Posted September 25, 2020
rjbuffchix: No, it may be a somewhat confusing point I'm making so I apologize but I am not making a direct analogy. I am saying that games being broken up piecemeal has become common for single player games. Which was prefaced by Horse Armor. Once enough gamers accepted cosmetic individual item DLC, such as Horse Armor, companies began pushing for more of games to be broken up and sold individually to players.
In other words supporting minor inconvenient bad practices has led to worse practices down the line.
Bethesda's Horse Armor was laughed off the yard. Did anyone really spend money on this? Not anybody I know. In other words supporting minor inconvenient bad practices has led to worse practices down the line.

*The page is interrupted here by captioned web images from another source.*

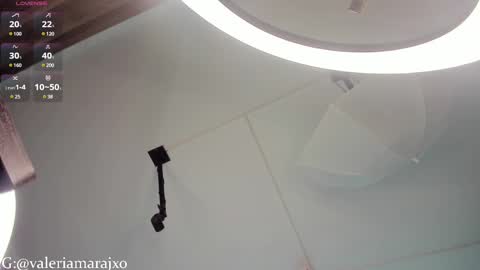 SASKYA VALERIA online show from 02-14-25, 03:22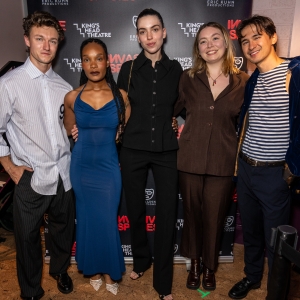 Photos: INVASIVE SPECIES Opens at King's Head Theatre Photo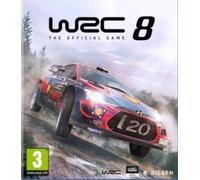 WRC8 - PlayStation 4 [Importación italiana]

What maybe paved the way for endless content additions was MS Flight Simulator. I remember whole shelves lined with boxes for single planes or airports, and they weren't cheap either. Someone must have bought all those little expansion - shelf space was valuable after all.

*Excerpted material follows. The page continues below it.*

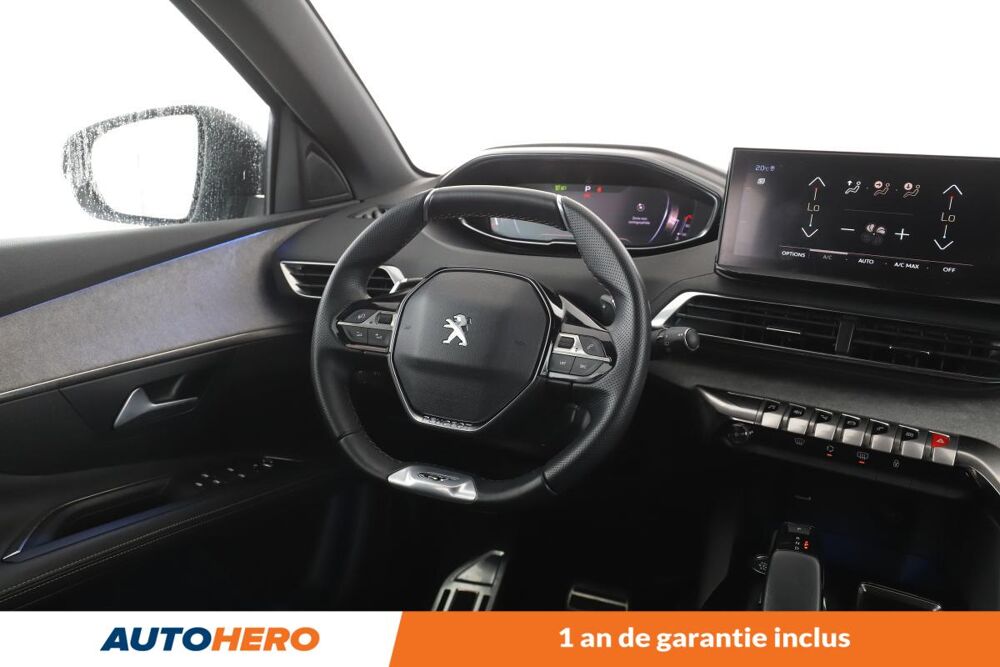 3008 1.5 Blue-HDi GT EAT8 130 ch 2022 occasion 92130 Issy-les-Moulineaux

I guess companies like Paradox and Slitherine were inspired by that.
rjbuffchix: I don't see how this is any different. Another good example of this phenomenon might be GWENT paving the way for Cyberpunk multiplayer mode with microtransactions. And please look up "opportunity cost". In the case of Cyberpunk/Witcher franchises, we have missed out on DRM-free singleplayer games that could have been, because of how resources were/are being allocated to push DRMed multiplayer games. But I digress.
Well, after Witcher 3 people were begging for a stand-alone MP Gwent game. I guess it was too tempting to cash in on that. At least it's F2P. I doubt it drew serious resources from SP game development - it even spawned Thronebreaker as SP version. In case of CP2077 we simply don't know anything yet about how it'll work, and will be paid content. Frankly, I'm not interested in it anyway. I'm pretty sure SP and MP are made by different teams. Art assets will be double use anyway, game design is vastly different, and story telling... well.
One thing that serious binds resources is MP infrastructure, and that is managed by GOG. No wonder they don't find the time to fix the website and Galaxy development is so slow and bumpy.